Post by James on Wed May 06, 2015 11:30 am

Ezekiel 14 is actually the only chapter we've read so far about repentance - other places we've read that judgment is inescapable.

Anyways, I think it's fair to bring up the question as to why idolaters (at heart) would seek out a prophet?
Verse 4 and 5 speaks about how God would answer that person himself in judgment of their great idolatry.
This isn't good news, but its also somewhat just because if you have idolatry in your heart, why would you want to seek out God?
This is probably your "lukewarm Christian" today.

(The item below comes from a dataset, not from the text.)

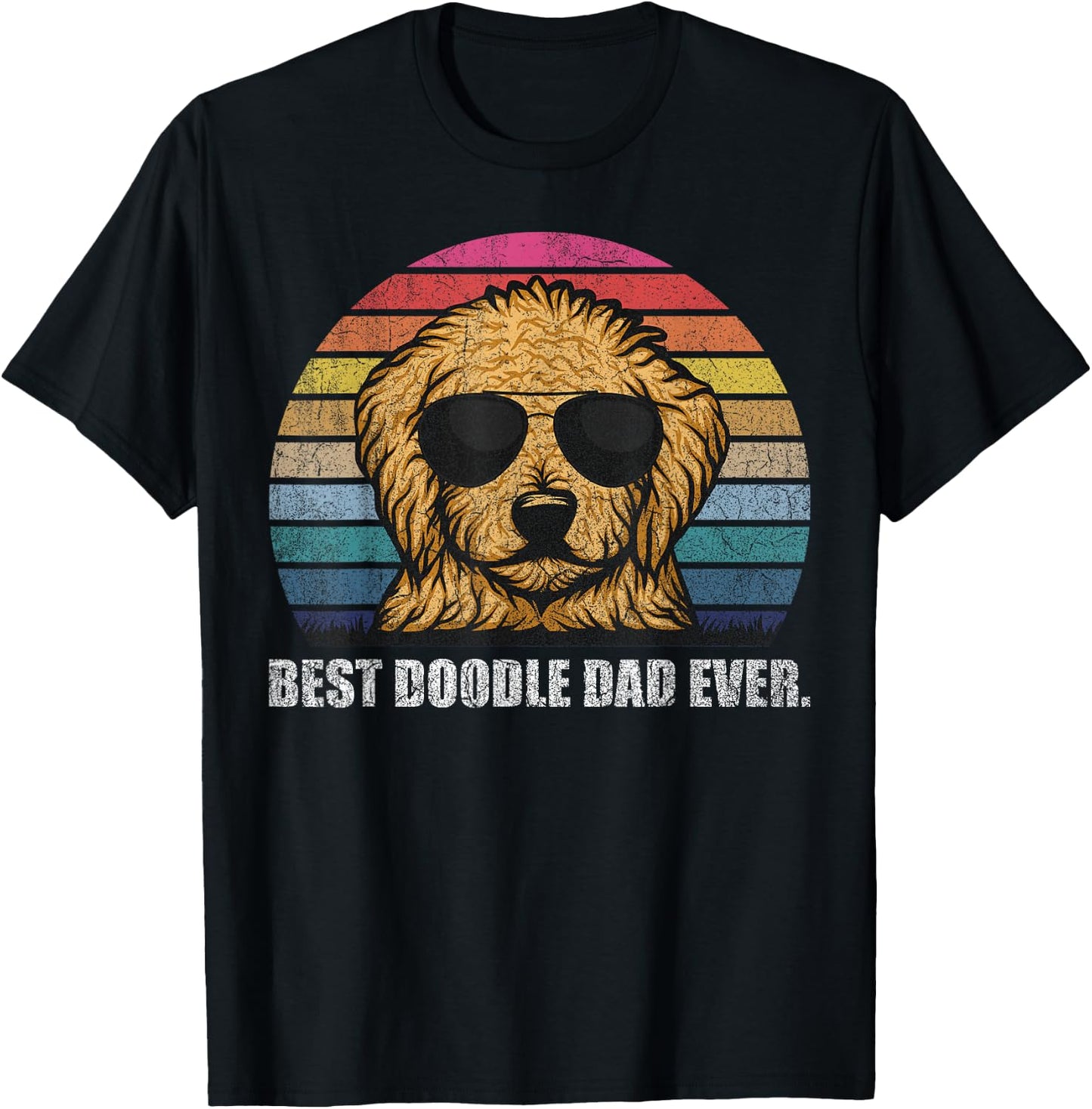 Best Doodle Dad Ever Shirt Vintage Retro Goldendoodle Dad T-Shirt - T-Shirt | Black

We are so quick to turn to someone holy and mighty in Christ, but our hearts are so distant from God due to idolatry within our hearts.
Either through an incorrect perspective of Christ (which can definitely still be an idol) or a lie we've believed through the world or through Satan, we limit ourselves from knowing the truth - the True God.
God wants us to wrestle with Him, He is able to wrestle with us, willing to wrestle with us, and most importantly, WANTS to wrestle with us.
"“Come now, let us reason together, says the LORD: though your sins are like scarlet, they shall be as white as snow; though they are red like crimson, they shall become like wool." - Isaiah 1:18.
By turning to another source to approach God, we break apart our intimate relationship with God and turn it into a relationship where we still need a priest to intercede for us.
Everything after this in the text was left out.